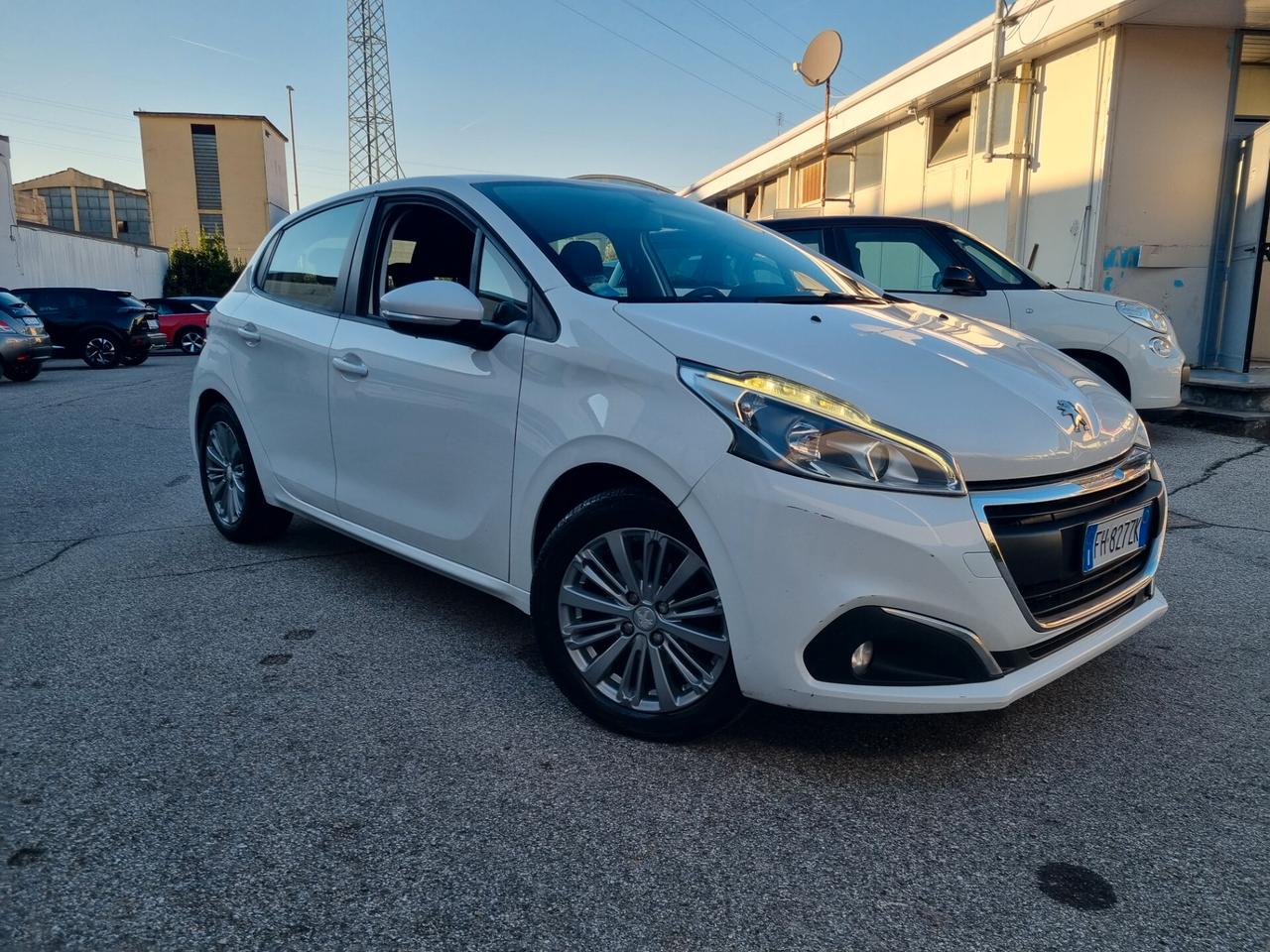 Peugeot 208 PureTech 82 5 porte Allure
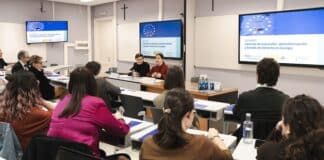 Expertos internacionales evalúan en Valencia cómo afecta la desinformación y la falta de pluralismo mediático al Estado de Derecho en Europa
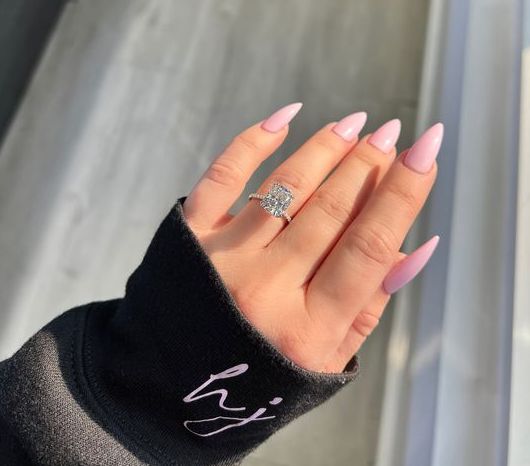 How Do I Choose the Right Band Width for My Engagement Ring?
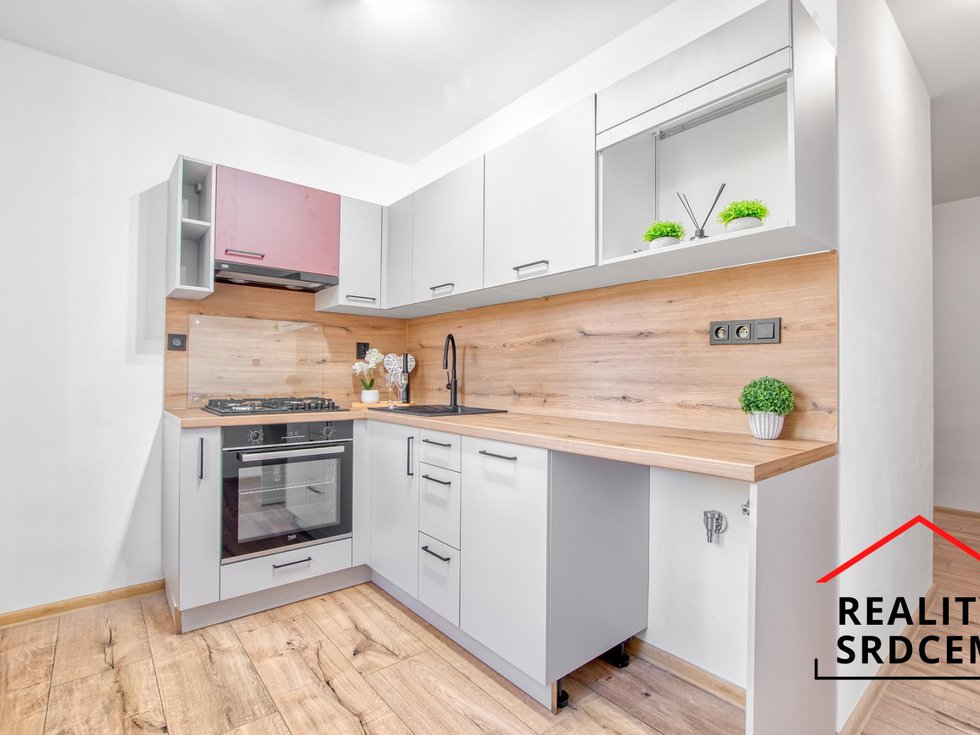 Pronájem bytu 2+1 55 m², Karviná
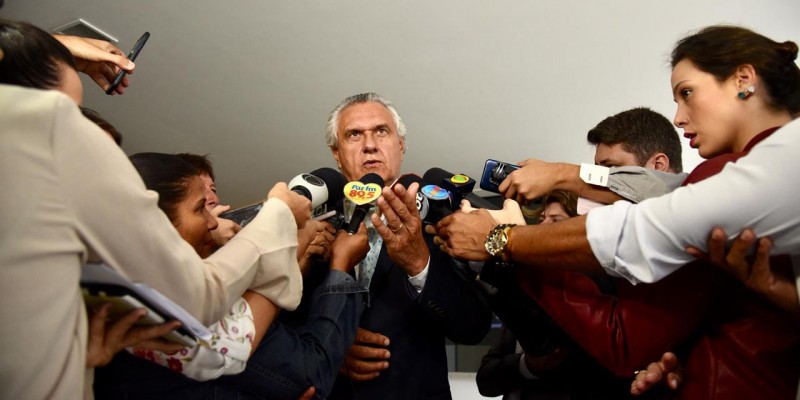 Imagem Ilustrando a Notícia: Ronaldo Caiado pede relatórios adicionais de governo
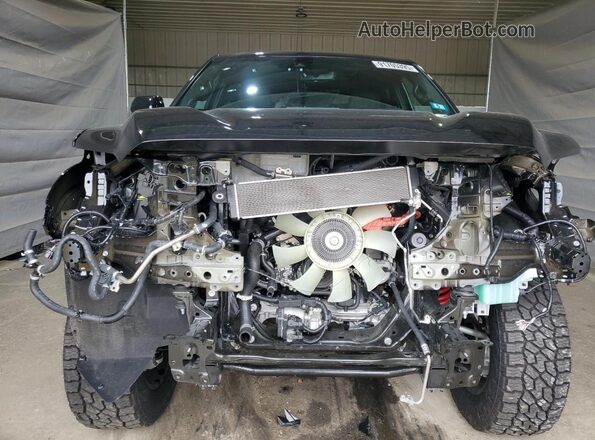 5TFWC5DB4SX098258 2025 TOYOTA LIMITED Black Դիմացի տեսք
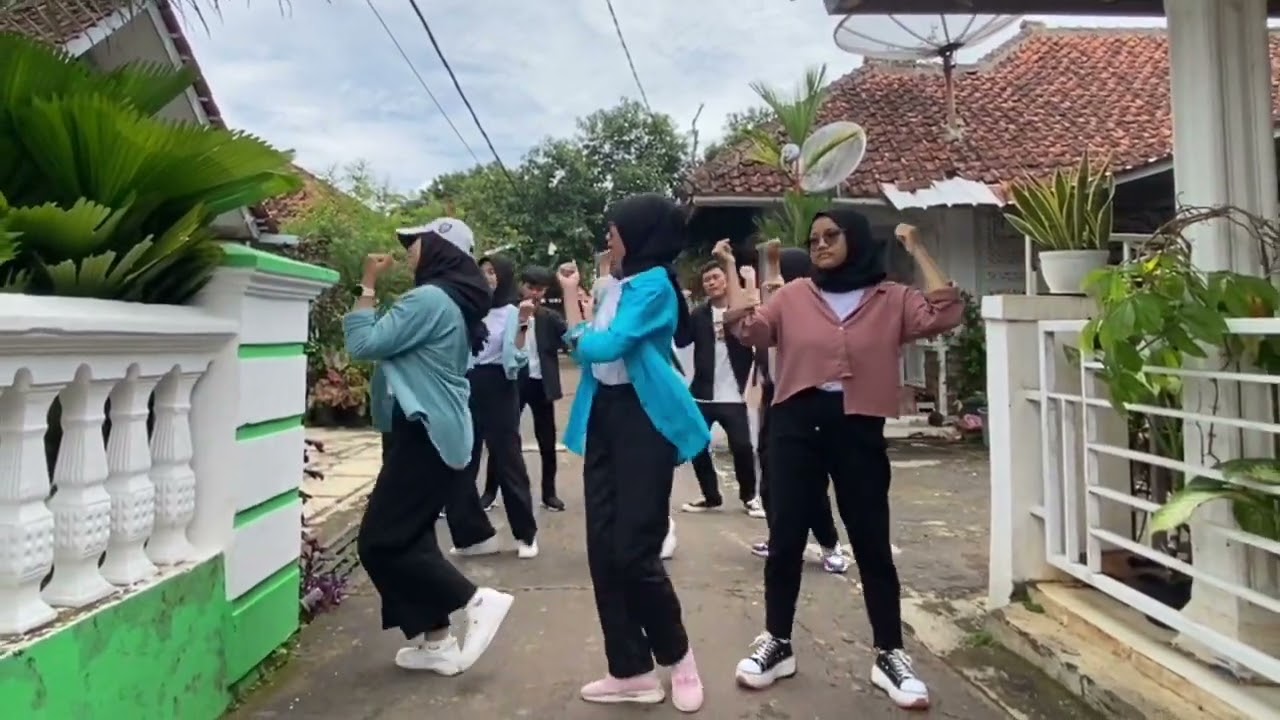 TUGAS SENI BUDAYA TARI MODERN - 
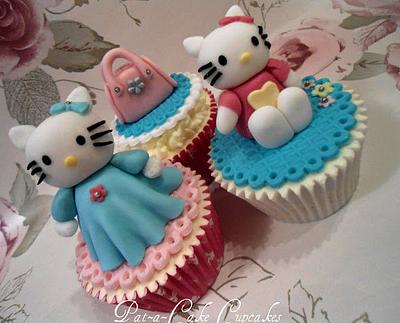 Hello Kitty !! - Cake by Pat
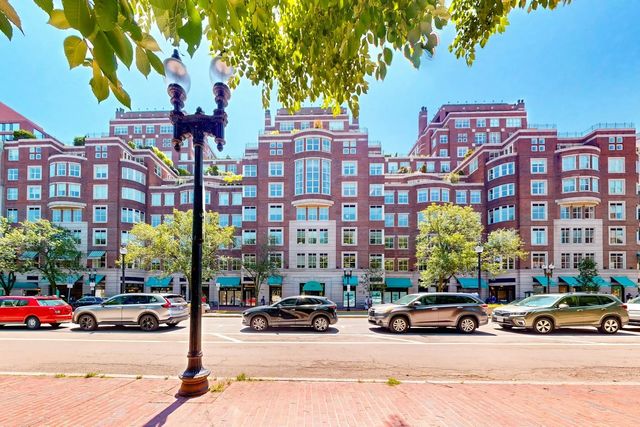300 Boylston St #601, Boston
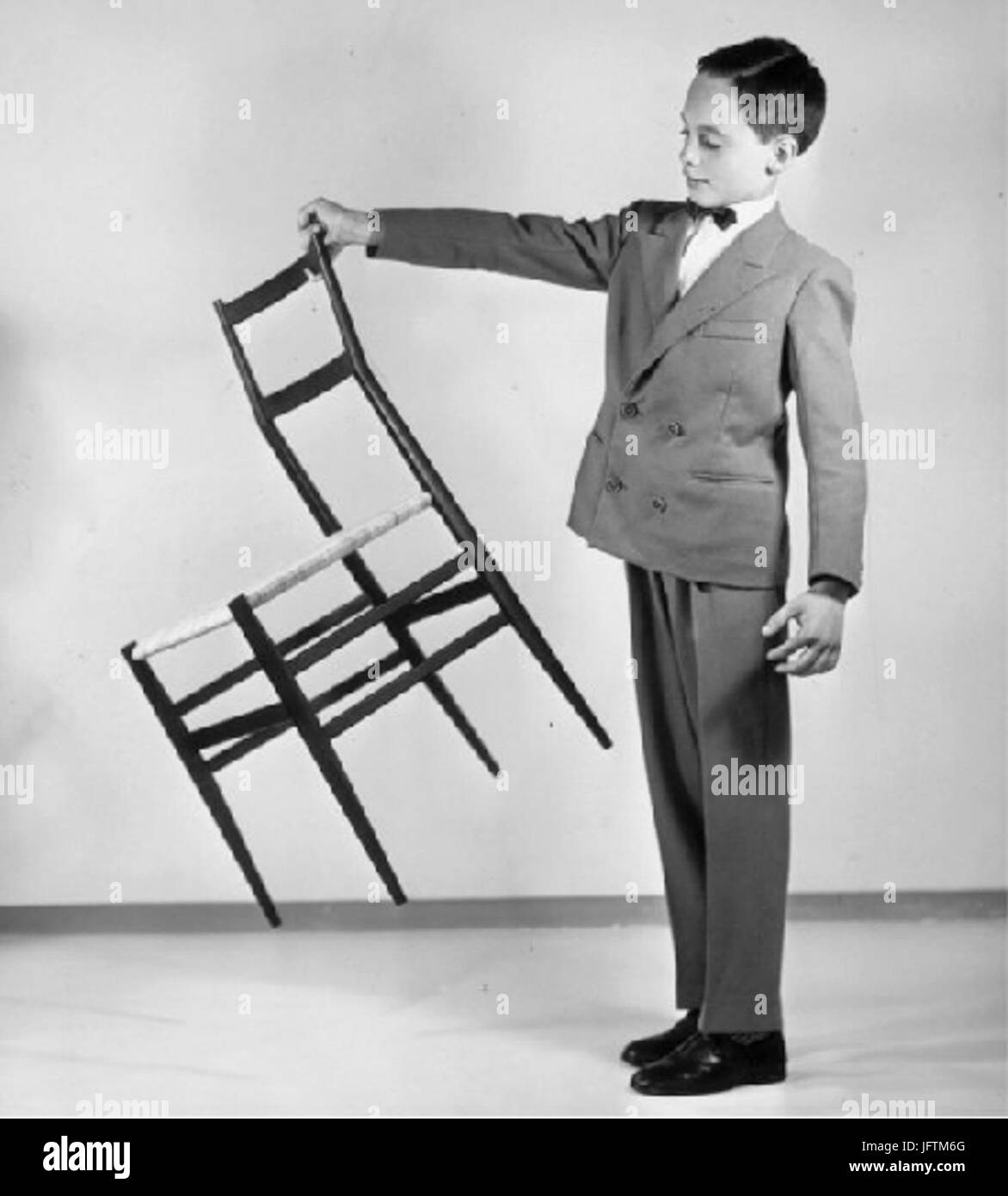 13 - Italien - Superleggera Giò Ponti - Cassina - superleichten italienischen Möbel Technik Stockfoto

+++

YOUR INSTRUCTIONS: Output every entry verbatim but skip the pictures.

SOLVED PROBLEM:
 Peugeot 208 PureTech 82 5 porte Allure
 Expertos internacionales evalúan en Valencia cómo afecta la desinformación y la falta de pluralismo mediático al Estado de Derecho en Europa
 How Do I Choose the Right Band Width for My Engagement Ring?
 Pronájem bytu 2+1 55 m², Karviná
 Imagem Ilustrando a Notícia: Ronaldo Caiado pede relatórios adicionais de governo
 5TFWC5DB4SX098258 2025 TOYOTA LIMITED Black Դիմացի տեսք
 TUGAS SENI BUDAYA TARI MODERN - 
 Hello Kitty !! - Cake by Pat
300 Boylston St #601, Boston
 13 - Italien - Superleggera Giò Ponti - Cassina - superleichten italienischen Möbel Technik Stockfoto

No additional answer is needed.